Michael Dirda, Washington Post
Gore Vidal, 86, a celebrated writer, cultural gadfly and occasional political candidate, died of pneumonia Tuesday at his Hollywood Hills home, according to a nephew. Known for his urbanity and wit — “Every time a friend succeeds, I die a little” — Vidal’s literary career spanned more than 60 years, and he once said that he hoped to be remembered as “the person who wrote the best sentences of his time.”

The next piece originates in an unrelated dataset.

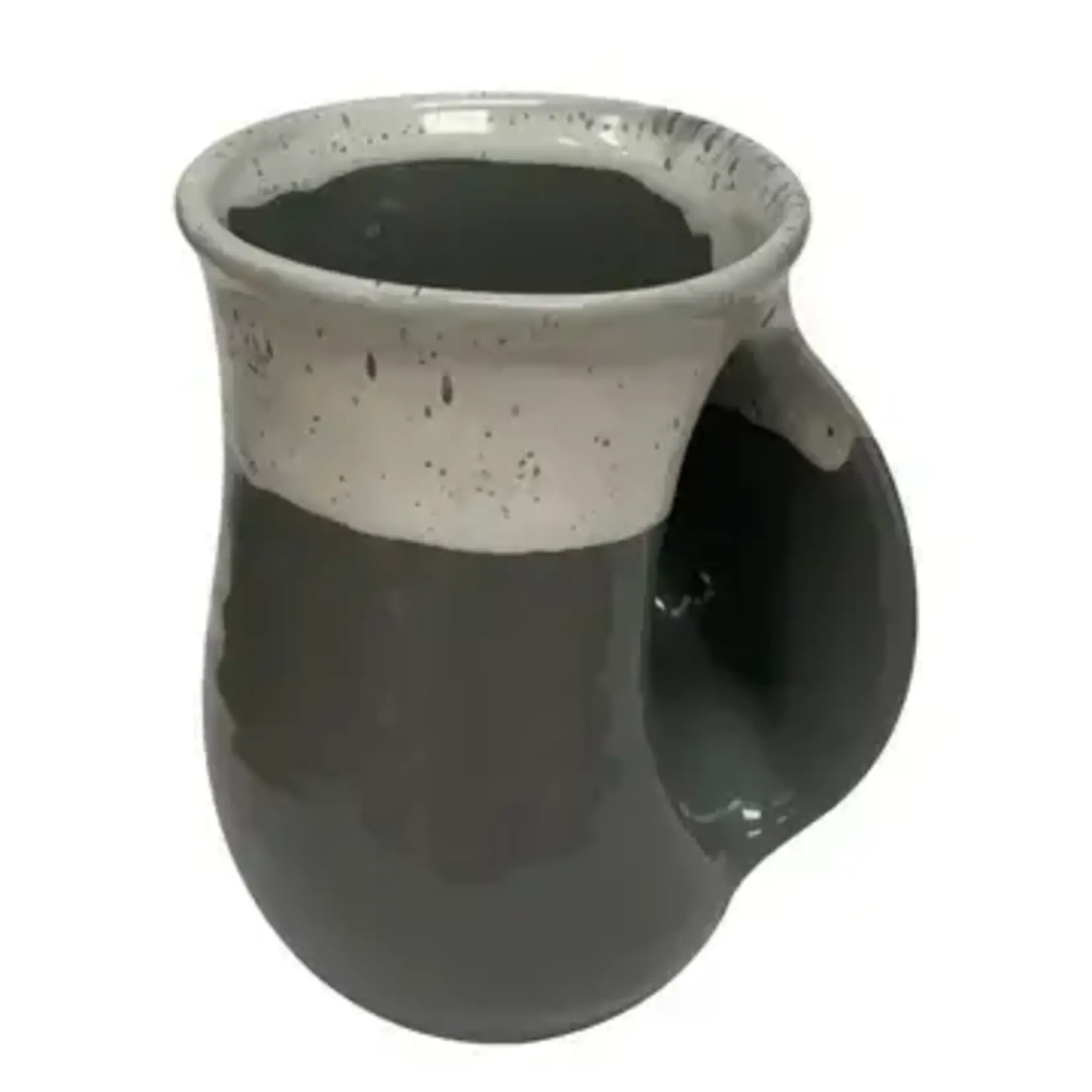 Clay in Motion Original Handwarmer Mug - Snowcap / Right Hand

He was an astonishingly versatile man of letters and nearly the last major writer of the modern era to have served in World War II. Having resolved at age 20 to live by his pen, Vidal produced plays for television and Broadway, including the classic political drama “The Best Man”; helped script such movies as “Ben-Hur,” the 1959 epic starring Charlton Heston; and gained notoriety for the campy novel “Myra Breckinridge,” about a transsexual film enthusiast.

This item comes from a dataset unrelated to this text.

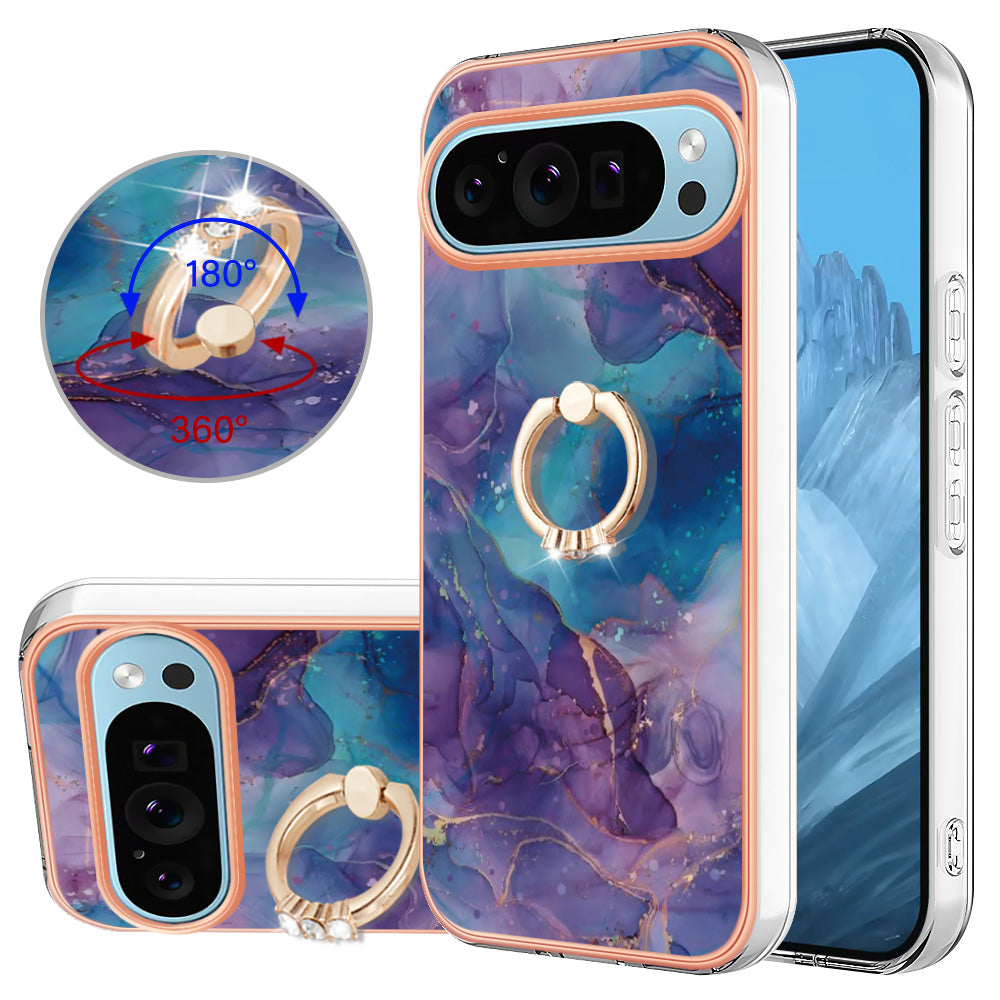 YB IMD Series-17 Style-E For Google Pixel 9 TPU Case Electroplating Kickstand Marble Pattern Cover - Purple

Vidal also won plaudits from scholars, critics and ordinary readers for historical novels such as the best-selling “Julian,” “Burr” and “Lincoln,” and English critic Jonathan Keates called him “the 20th century’s finest essayist.” “United States,” which gathers Vidal’s essays on art, politics and himself, received the 1993 National Book Award. In print or on television — he was a frequent talk-show guest — the worldly Vidal provoked controversy with his laissez-faire attitude toward every sort of sexuality, his well-reasoned disgust with American imperialism and his sophisticated cynicism about love, religion, patriotism and other sacred cows.